Cuando nos cansamos de jugar a esto, fuimos al baile. Aún faltaban varios minutos para que llegaran los chicos, pero habíamos acordado encontrarnos adentro. Me había distraído bastante con mis amigas y eso me había hecho sentir mejor, pero ahora volvía a ponerme nerviosa.
—Busquemos algo para tomar —sugirió Claudia—. Por ahora la música está demasiado aburrida como para bailar.
Fuimos hasta la barra y pedimos una cerveza. Claudia se entusiasmó cuando empezó a sonar Llega la noche de Bandana y quiso que corriéramos a bailarla. Casi tiró su cerveza sobre la camisa de un chico que se cruzó en su camino, pero hizo como si nada hubiera ocurrido y se puso a bailar con una diva. Como empezaron a sonar canciones que nos gustaban, nos quedamos en la pista.
—Se están demorando —dije un buen rato después. Habían pasado diez minutos del horario acordado. Mis amigas dijeron que no era nada, que era normal que eso pasara y que todos los chicos eran así, pero yo estaba preocupada.
Adrián nunca llegaba tarde.
Diez minutos después vi a Luciano y Nacho entrar al complejo rodeados de un grupo de chicos. Hice un ademán para que mis amigas me siguieran y caminé en esa dirección para preguntar por Adrián, a quien aún no había visto.
«Debe estar estacionando la moto», me dije. «Seguro no es nada».
—¡Hola! —dije, acercándome a Luciano. Tuve que hablarle alto para que me oyera—. ¿Tu hermano?
—No vino —anunció—. Hubo una emergencia y se tuvo que ir. Me dijo que te avisara.
—¿A dónde se fue? ¿Cuánto hace? —pregunté. Apreté el vaso de cerveza que tenía en mi mano tan fuerte que casi lo rompí. Necesitaba respuestas rápidas. Quizás aún estaba a tiempo para buscarlo. Tenía que estar a tiempo.
—Laura llamó cuando estábamos por irnos —dijo Luciano—. No sé qué fue lo que le dijo, pero Adrián estaba pálido como una hoja de papel cuando cortó y dijo que tenía que irse urgente y que te pidiera disculpas. Agarró la moto y se fue lo más rápido que pudo...
—No, no, no —murmuré—. ¿Hace mucho de esto?

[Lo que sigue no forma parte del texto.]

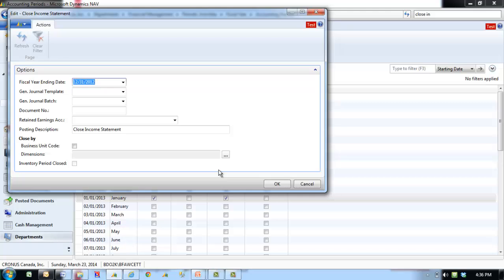When the journal is posted, an entry is posted to each income statement account so that its balance becomes zero. The Retained Earnings Accounts are updated for the gain or loss.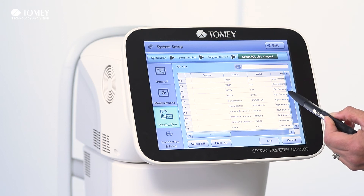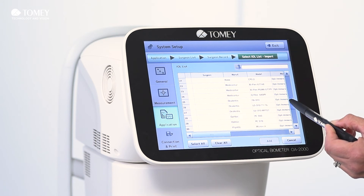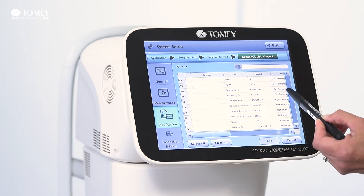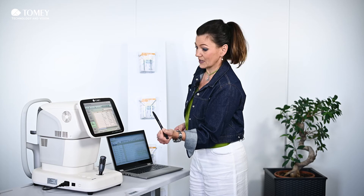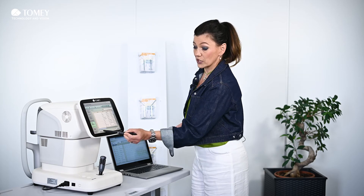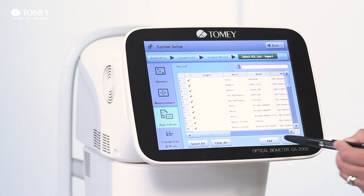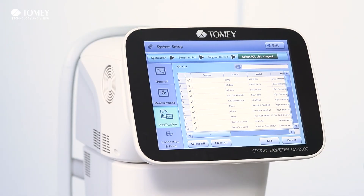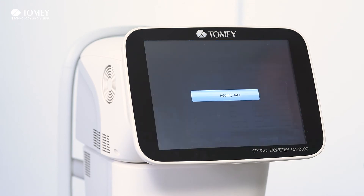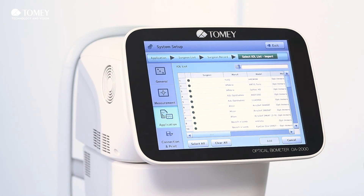Here you have the list from all the selected manufacturers and your preferred models. Now you click "select all," press add, and then they are added to your surgeon name. This is how simple it is, and then you can share the data with other surgeons, for example.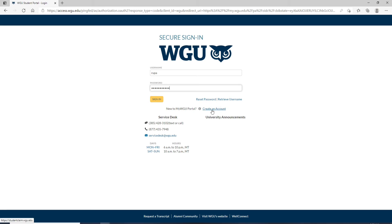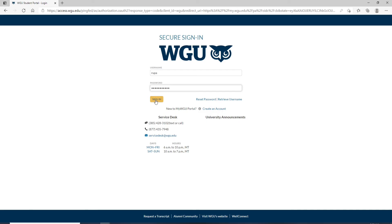If you don't have an account yet, you can start by clicking on create an account and follow the instructions to register yourself to a new account first. Once you have an account, you can easily come back to this page, enter all the credentials needed, and click on the sign-in button. Soon after you do that, you'll be logged in to the WGU student portal.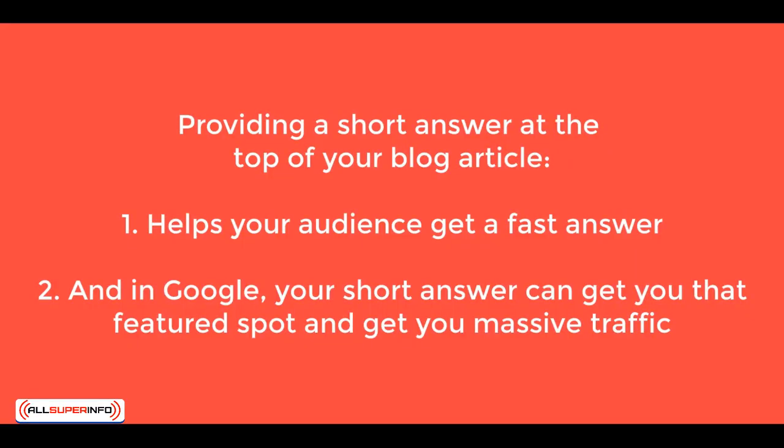So providing a short answer to your audience on your blog allows them to get their answer fast when they land on your blog article. But in Google, providing a short answer allows you to maybe get that spot, right?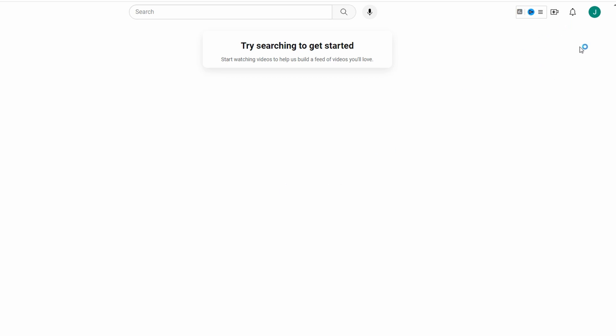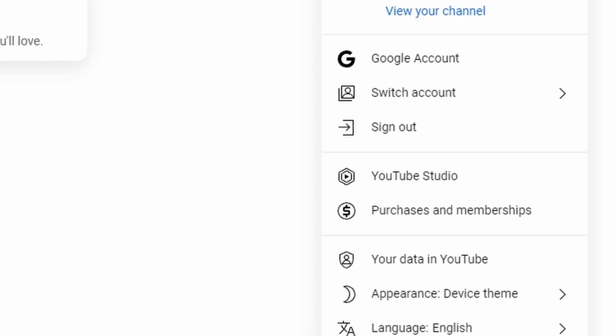Go to YouTube and sign in to your account. Click on your profile icon in the top right corner and select YouTube Studio from the drop-down menu.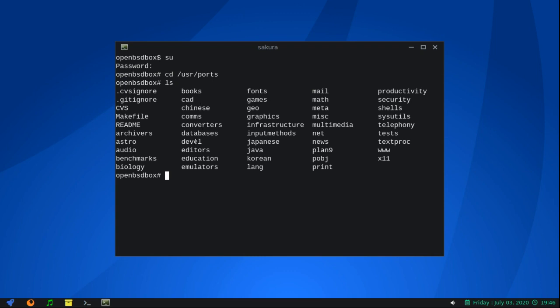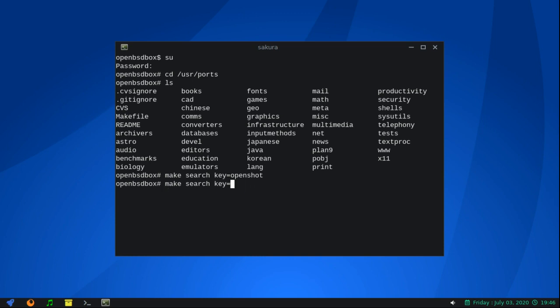As you can see, we have all these different areas where we can possibly find items. The way you search for a port is you enter the command: make search key equals. Let's search for 'openshot' — there is no openshot in ports. Let's try something different. Let's try 'shotcut' — I like shotcut — and it's not there either.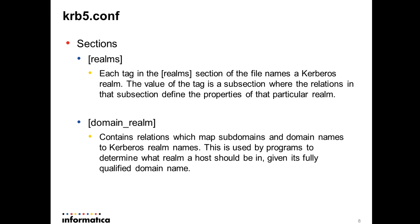Another section that we need to configure is realms. All the entries in realms section are particular realms in the Kerberos and value of each subsection will depict properties for that particular realm. And one more section that we need to configure is domain_realm. It has mappings from domains or subdomains or host names to Kerberos realm. It is used by a program to know what realm a host should be in given its fully qualified domain name. We'll see an example for this.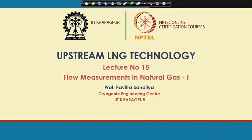Welcome. Today we shall look into the various types of flow measuring devices which are used in the natural gas industries. You might have known that there are many devices which can be used for measuring flows, but in case of natural gas we use a few of those measuring devices which are used in general.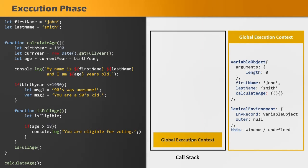So now I hope you understand how a function or code is executed inside an execution context and how the execution context is created in two phases — creation phase and execution phase. I know the topics we have learned so far in this section are not easy to grasp and might make beginners a little confused. If you are a complete beginner, you can go through the rest of the course and come back to this section once you are confident enough with JavaScript. Watching these lectures two or three times will help these concepts become clear.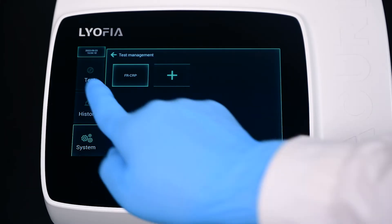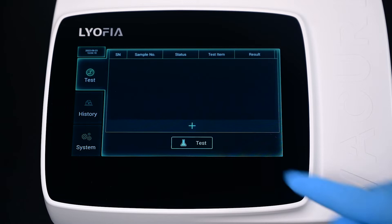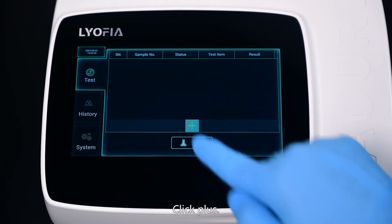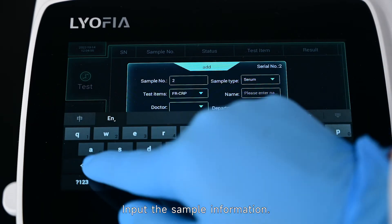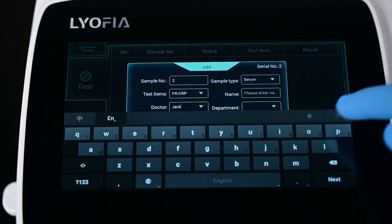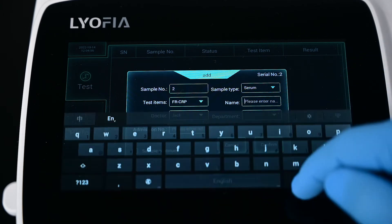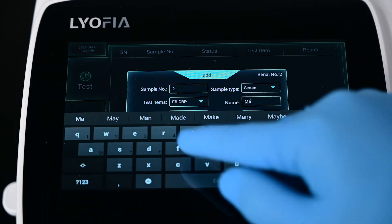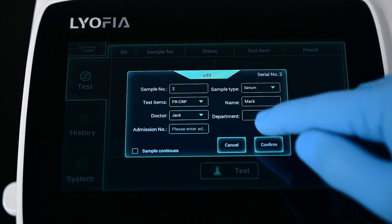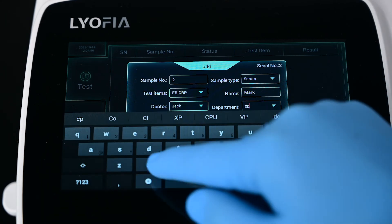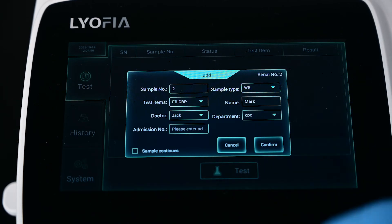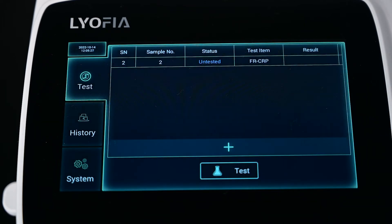Click Test, then click Plus. Input the sample information and click Confirm.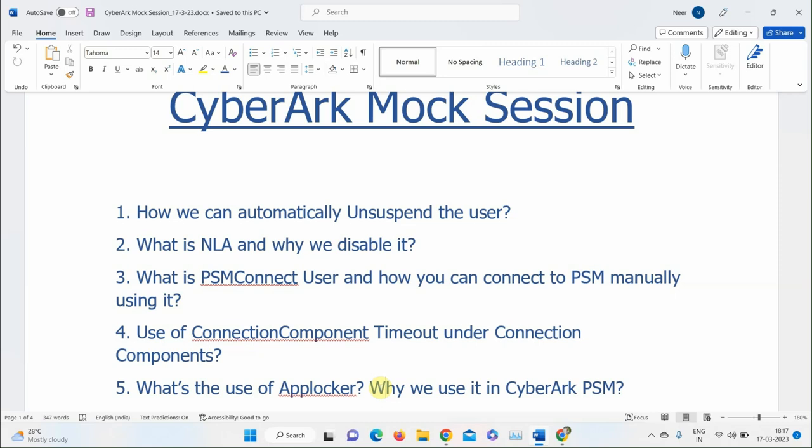The instructor gives an example: if you install Microsoft Edge on your PSM server and make a connector using Edge, you might get an error saying AppLocker is blocking it or the policy is not enabled. A participant explains that rules are set specifying which users and groups can run applications to run PSM sessions. The instructor asks how to allow new applications or DLL/CMD files.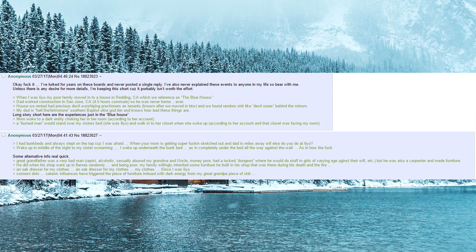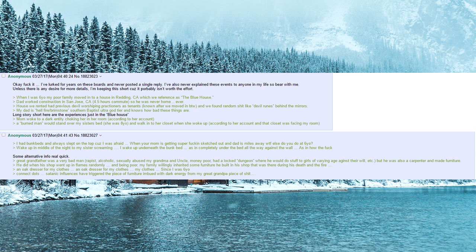The house we rented had previous devil worshipping practitioners as tenants, known after we moved in by the way, and we found random shit like devil runes behind the mirrors. My dad is hellfire brimstone southern baptist and knows how bad these things are.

—Unos diez minutos. Nosotros salimos enseguida.
No escuché más nada. Tiré el vaso al suelo y salí corriendo, haciéndome lugar entre la multitud que se estaba acumulado a la entrada. Mis amigas me siguieron pero las ignoré completamente. Cuando logré salí vi que había un taxi estacionado a unos metros y que una chica se estaba bajando. Ni bien lo hizo me subí sin preguntar si podía hacerlo.
—Tengo que ir a otra parte ahora —dijo el taxista con un tono severo—. Necesito que te bajes. —Se trataba de un hombre regordete de unos cincuenta años que se estaba quedando bastante calvo. Su cabello era oscuro, y la tonalidad de su voz, grave.
—¡No me importa! ¡Tiene que llevarme! Le pago el doble —le ofrecí—. Esto es una emergencia. Vamos rápido para Oro Verde por la vía más rápida que haya.
—Muy bien... —respondió, y se apuró en salir del lugar. Mis amigas habían llegado a la puerta del taxi y me gritaron para impedir que me fuera. Las ignoré. Ni siquiera las miré. No me importaba tener que dar explicaciones luego.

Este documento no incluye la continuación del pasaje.